- [What you should do]:
Each line of the data below between the one containing "Những bước chuẩn bị cơ bản trước khi rút" and the one containing "Fluff Around and", both included, is to be repeated exactly. Please omit pictures.
Records for this exercise below:
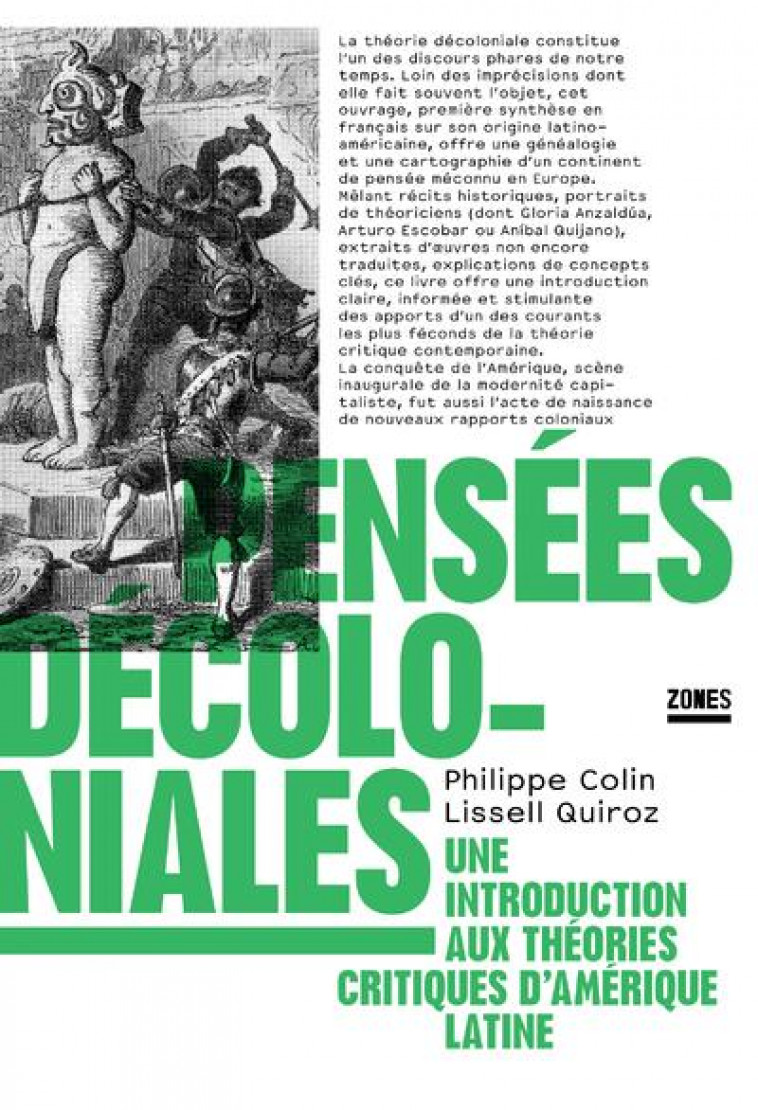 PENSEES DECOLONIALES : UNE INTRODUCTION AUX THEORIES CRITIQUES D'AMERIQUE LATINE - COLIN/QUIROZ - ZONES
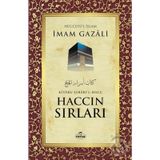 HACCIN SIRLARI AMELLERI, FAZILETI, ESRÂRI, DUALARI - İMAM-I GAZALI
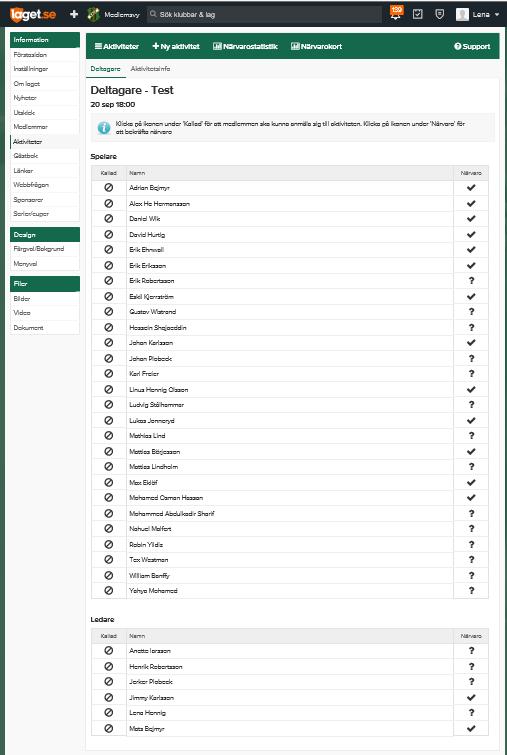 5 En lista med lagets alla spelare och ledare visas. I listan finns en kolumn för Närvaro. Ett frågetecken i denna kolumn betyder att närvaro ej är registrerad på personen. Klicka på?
End of Records for this exercise.
Records for this exercise below:
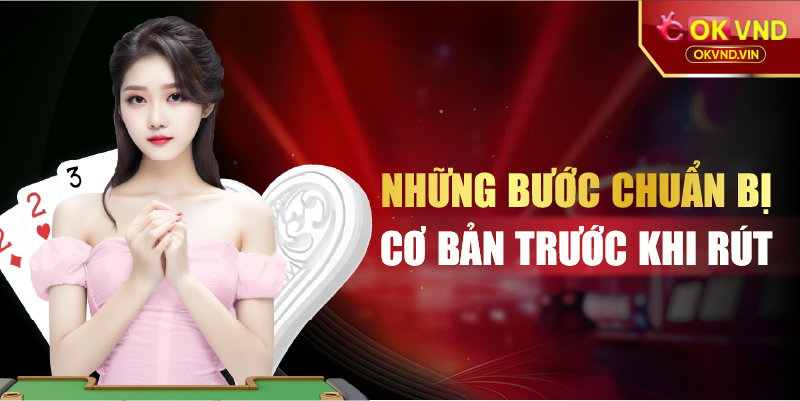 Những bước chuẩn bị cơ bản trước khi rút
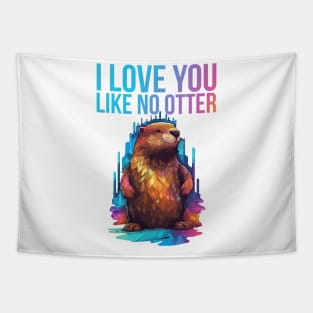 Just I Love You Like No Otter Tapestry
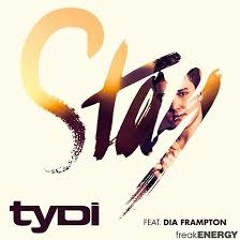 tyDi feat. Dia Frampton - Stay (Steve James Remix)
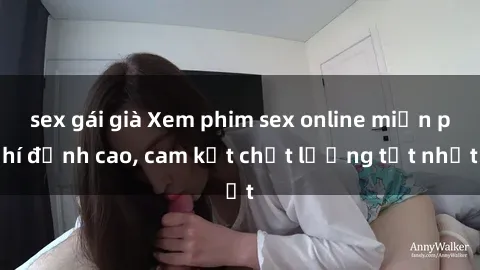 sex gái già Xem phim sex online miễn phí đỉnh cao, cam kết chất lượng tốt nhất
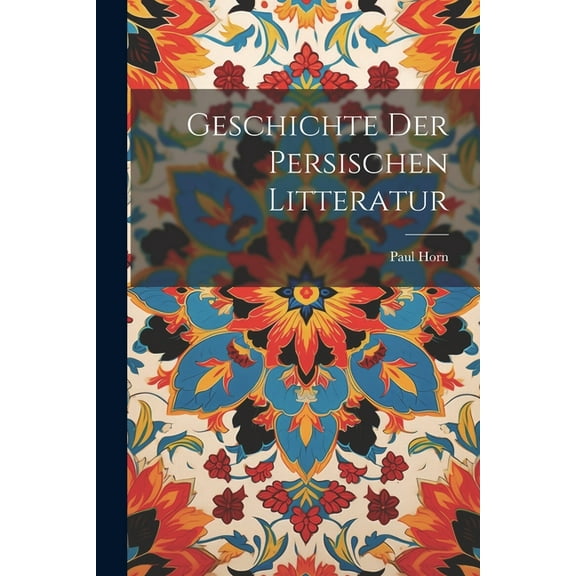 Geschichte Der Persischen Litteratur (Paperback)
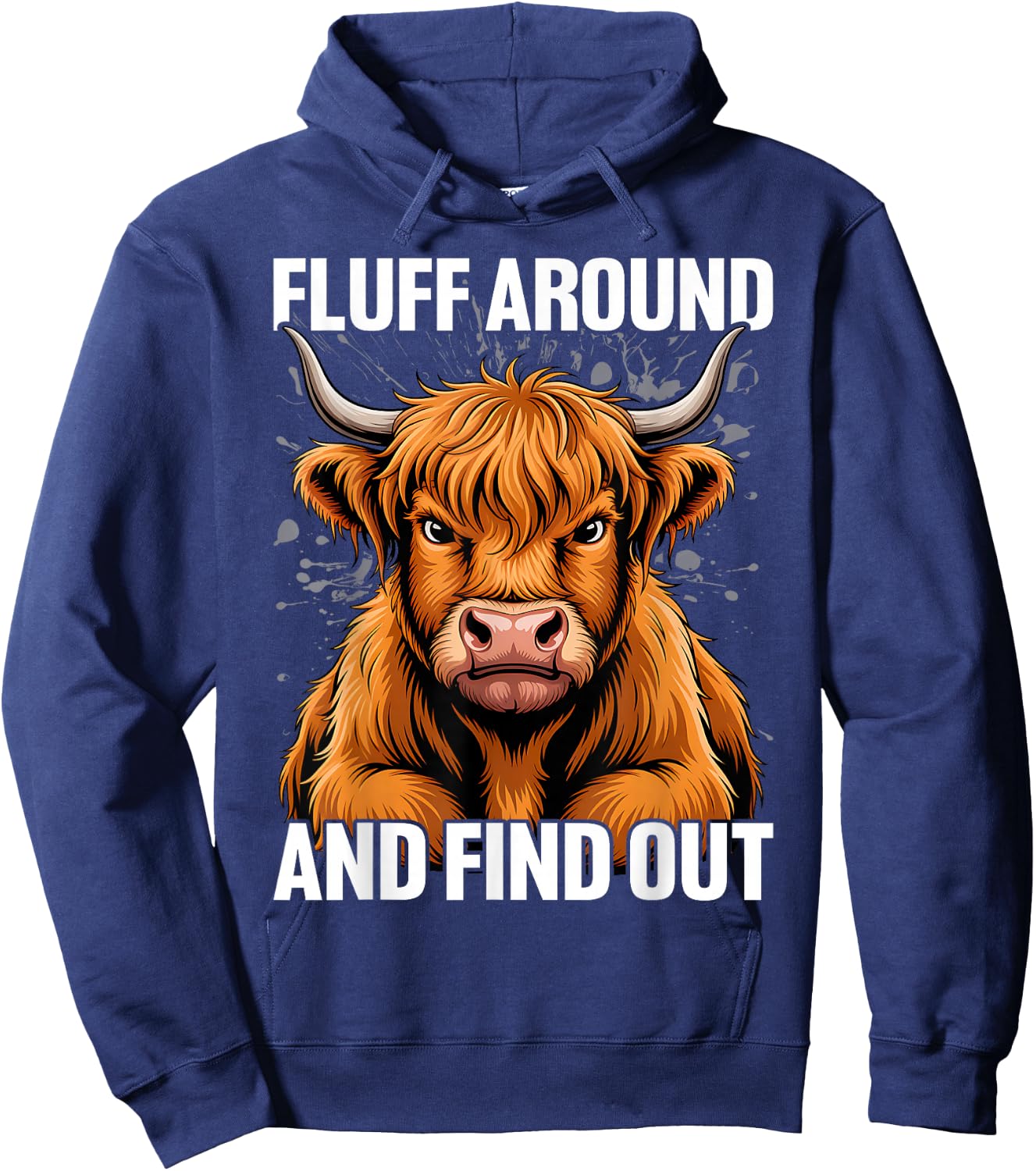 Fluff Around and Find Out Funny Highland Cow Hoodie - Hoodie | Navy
End of Records for this exercise.
- [Task output]:
 Những bước chuẩn bị cơ bản trước khi rút
 Just I Love You Like No Otter Tapestry
 tyDi feat. Dia Frampton - Stay (Steve James Remix)
 sex gái già Xem phim sex online miễn phí đỉnh cao, cam kết chất lượng tốt nhất
 Geschichte Der Persischen Litteratur (Paperback)
 Fluff Around and Find Out Funny Highland Cow Hoodie - Hoodie | Navy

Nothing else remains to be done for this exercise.